Estonia’s Health Insurance Fund faces a deepening crisis as reserves run out by 2027. Outgoing chief Rain Laane warns efficiency measures can’t close deficits, urging greater state investment. A four-year plan targets stronger primary care, funding reform, and better health data use.
Estonia’s healthcare financing crisis is reaching a critical point, and outgoing Health Insurance Fund (Tervisekassa) chief Rain Laane is set to present a plan to the supervisory board to address escalating deficits. While the fund has recently been criticized for its summer retreat and new office space, the much larger issue is structural: with an aging population, longer life expectancy, higher demand for services and rising costs, the current financing system is no longer sustainable. Healthcare in Estonia is almost entirely funded through social tax revenues, but the current 13 percent from labor taxes and an additional 13 percent contribution covering non-working pensioners no longer meet the growing need. Reserve funds, which have covered shortfalls of hundreds of millions of euros annually, are expected to run out by 2027.

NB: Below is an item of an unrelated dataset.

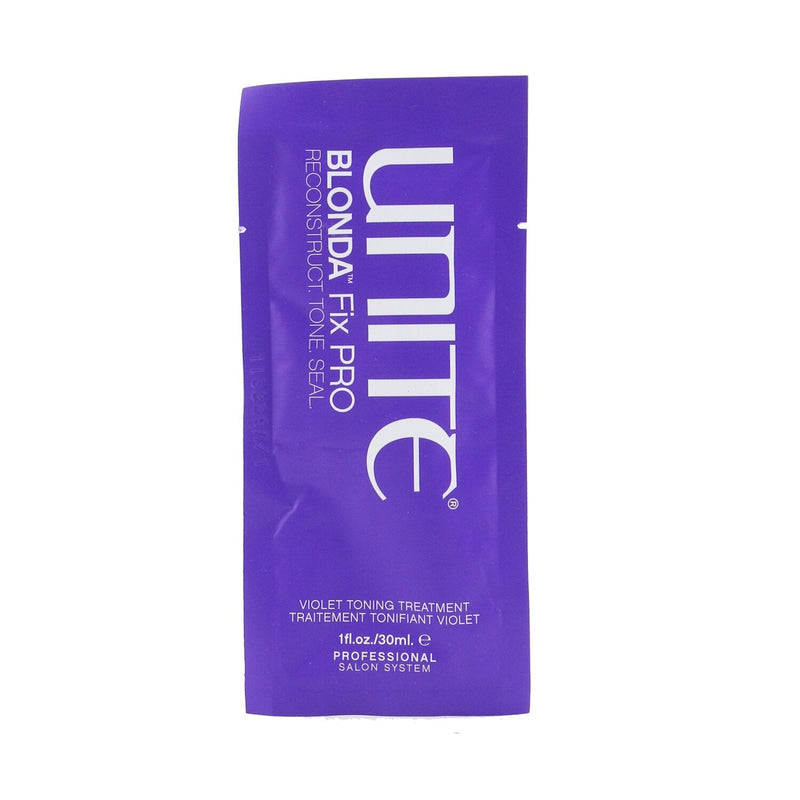 Unite BLONDA Fix PRO Violet Toning Treatment (Salon Product)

Laane has stressed that although efficiency gains can help — such as cutting duplicate tests, reforming family doctor financing, and reorganizing how health data is used — these alone will not balance the budget. Instead, political decisions will be required to determine whether healthcare should receive more state investment, as has already happened with defense, education, and internal security. The supervisory board can issue guidance, but it will be the government, through the Minister of Social Affairs, that must decide how to proceed.
The four-year development plan presented by Tervisekassa focuses on three key priorities. The first is strengthening primary care, especially addressing the shortage of family doctors, through both technological innovation and improved organization. The second priority is reforming the funding model; currently, 95 percent of healthcare financing is fee-for-service, an approach Laane argues is not sustainable and does not deliver the best outcomes. Outcome-based models, common in much of Europe, would improve results but require a political decision and a shift in system design. The third priority is reorganizing health data use. Current databases do not work seamlessly, partly due to legal restrictions. Better integration, combined with AI-driven forecasting, could ensure more forward-thinking decision-making.
Tervisekassa is also discussing reform of occupational health, aiming to link it more closely with family medicine and integrate employer spending into broader health outcomes. Another challenge is balancing private and state providers. Currently, 93 percent of specialist care is delivered by the public hospital network, with 7 percent purchased from private providers. While private clinics sometimes cherry-pick profitable services, Laane sees the ideal balance at around 7–10 percent, but emphasizes this is ultimately a political decision.
The system’s financial strain is evident. This year, the Health Insurance Fund was allowed to use retained earnings of €167.6 million, though the deficit for 2025 will still exceed €100 million. By 2027, these reserves will be depleted, requiring structural solutions rather than stopgaps. Laane warns against rushed or drastic reforms, given the system’s complexity, but insists decisions must be made soon before the funding gap becomes unmanageable.
As he prepares to resign, Laane leaves behind a fragile system in need of careful but decisive action. His successor, to be chosen in the coming months, will face the daunting challenge of steering Estonia’s health insurance system through a tightening financial bind while balancing efficiency reforms with the need for greater state investment.